Matthew A. Cherry has created another love letter to Black parenthood in “Young Love,” a new sequel series that debuts Thursday on Max. More than three and a half years after winning an Academy Award for “Hair Love,” a six-minute animated short film about a Black father learning to style his young daughter’s hair before visiting her cancer-stricken mother in the hospital, Matthew A. Cherry has created another love letter to Black parenthood.
The animated sitcom, which is set two months after the events of the short, centers on the Young family, which includes music producer Stephen Love (Scott Mescudi aka Kid Cudi), natural hair stylist and vlogger Angela Young (Issa Rae), who is now cancer-free, and their witty daughter Zuri Young-Love (Brooke Monroe Conaway). They navigate the ups and downs of their personal and professional lives in Cherry’s hometown of Chicago. The voices of Angela’s stern but adoring parents, Gigi and Russell, are provided by Loretta Devine and Harry Lennix, with Tamar Braxton, Sheryl Lee Ralph, and Debra Wilson serving as guests.

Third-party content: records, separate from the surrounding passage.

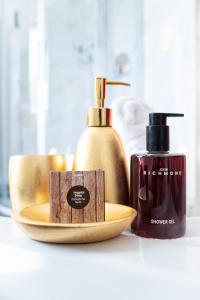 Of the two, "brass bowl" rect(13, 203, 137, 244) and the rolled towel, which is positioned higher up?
the rolled towel

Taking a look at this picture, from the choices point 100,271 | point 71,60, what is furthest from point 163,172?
point 71,60

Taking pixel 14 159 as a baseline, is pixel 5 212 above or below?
below

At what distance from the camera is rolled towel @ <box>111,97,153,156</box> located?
621 mm

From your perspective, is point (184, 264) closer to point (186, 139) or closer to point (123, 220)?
point (123, 220)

In a recent video interview, Cherry said, “The thing I think is really unique about our show is that it’s focused on Black millennial parents.” “Usually, the parents in animated series are more baby boomer and have more established occupations, so the concept of examining millennial parents was interesting because they haven’t really realized their ambitions yet. They still have goals to achieve, but they also want to be involved in their children’s lives.

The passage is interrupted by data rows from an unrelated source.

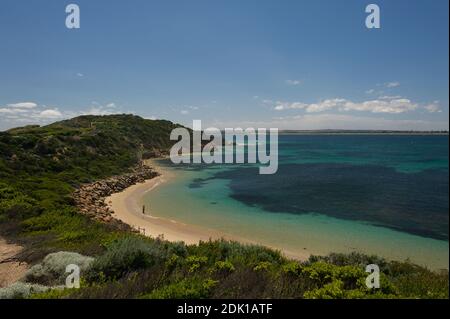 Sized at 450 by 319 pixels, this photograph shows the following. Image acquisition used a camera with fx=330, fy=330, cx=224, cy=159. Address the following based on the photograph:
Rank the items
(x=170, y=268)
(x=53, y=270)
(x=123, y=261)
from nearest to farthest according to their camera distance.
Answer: (x=170, y=268), (x=123, y=261), (x=53, y=270)

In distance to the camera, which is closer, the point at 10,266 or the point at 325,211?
the point at 10,266

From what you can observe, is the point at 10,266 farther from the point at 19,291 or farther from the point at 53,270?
the point at 19,291

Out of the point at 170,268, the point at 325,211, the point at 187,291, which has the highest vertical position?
the point at 187,291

Cherry and his creative team were tasked with developing the universe that he had depicted in the movie and companion children’s book, with the goal of developing a TV show that would have a similar appeal across generations. You “get to see how three different generations attack the same problem,” with an emphasis on the parents and grandparents.
The importance of listening to your children was one of the main lessons that “Hair Love” aimed to convey, according to Cherry. “Stephen was only trying to move quickly and transport her to the hospital. He realized that he needed to occasionally stop and just genuinely listen to his child when he took the time to actually listen. Sometimes they know the solution that I might not.”
A lesson learned there has been applied to the spinoff. “We really didn’t want to give the impression that [Zuri] or any of the children in the show weren’t worth listening to. We wanted kids to use their imaginations and have these great ideas, ambitions, and dreams.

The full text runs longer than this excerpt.